Weekly Update 1



1. An image or video (this could either be photograph of the current state of your work, a sketch, a diagram, etc)

I worked with Sylvia to draw the circuit thing… I would send a picture of the Arduino, but I can’t access it right now.  Even better, I could send a picture of the bluetooth receiver working from the Arduino with my phone…. sorry for the lack of picture.



2. A Listing of accomplishments made by all group members for the previous week

  1. Circuit roughly designed to use Log2(N) pins where N is the number of lines (So 4 rows = 2 pins, 8 columns = 3 pins).  We initially planned for about 30 pins, so we achieved about a six-fold reduction in inputs needed.
  2. Initial user interface designed for phone application
  3. Actually ordered the conductive ink instead of leaving it in my cart
  4. Initial test run of Bluetooth appears to work.  We’ll be transitioning to a smaller board with an integrated Bluetooth module in the near future for ease of use and compactness.

3. A description of problems encountered and outstanding issues (highlight anything that you are looking for help on)

  1. The current Bluetooth receiver doesn’t work on iOS, which is a problem because we need it to pair with an iPad.  We expect the integrated Arduino Bluetooth to work on iOS.
  2. I think we talked about this briefly in class on Thursday, but moving forward we’ll definitely want to discuss which fabrics are the best and how best to actually create this (From a materials side).
  3. We’ll start diving into the Bluetooth connection soon, which may cause some problems.  Because we are using a framework to allow for our application to work on both iOS and Android, I think we are a bit worried about the support for a lower-level service across platforms.

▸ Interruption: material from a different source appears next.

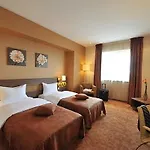 Rin Grand Hotel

4. A plan for the next week of work

  1. I think the ink came in the mail the other day, so we’ll start testing that.
  2. Getting the phone application more fleshed out.
  3. We’ll start to generate the Arduino code which will be an interface between the Phone app and the actual hardware.
    1. Generate the mapping for what should be sent to the phone
    2. Generate the code to parse inputs to determine what has been pressed.
    3. Test a refractory period so that a single button press doesn’t spam a word over and over again.
    4. Test how long contact should occur for before it is active.  We don’t want any brush to cause it to go off.